» Assignment
Your copy should match the listing word for word, apart from the pictures, which are left out.

» Data excerpt

****************

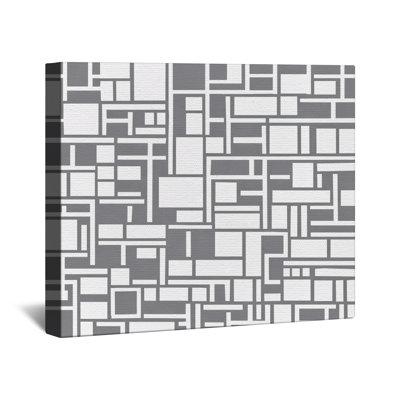 Gray White Rectangles Canvas Gallery Wrap in Many Sizes
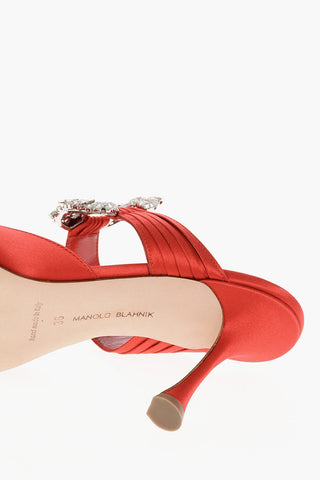 Mules in Satin MAIDUGURA con Dettaglio Gioiello 9cm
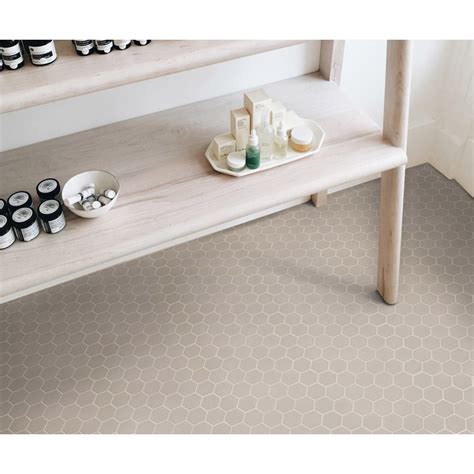 Mosaique Hexagonale Tomette Sol Et Mur Taupe Mat X Cm Sur Trame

****************

» Response to this task
 Gray White Rectangles Canvas Gallery Wrap in Many Sizes
 Mules in Satin MAIDUGURA con Dettaglio Gioiello 9cm
 Mosaique Hexagonale Tomette Sol Et Mur Taupe Mat X Cm Sur Trame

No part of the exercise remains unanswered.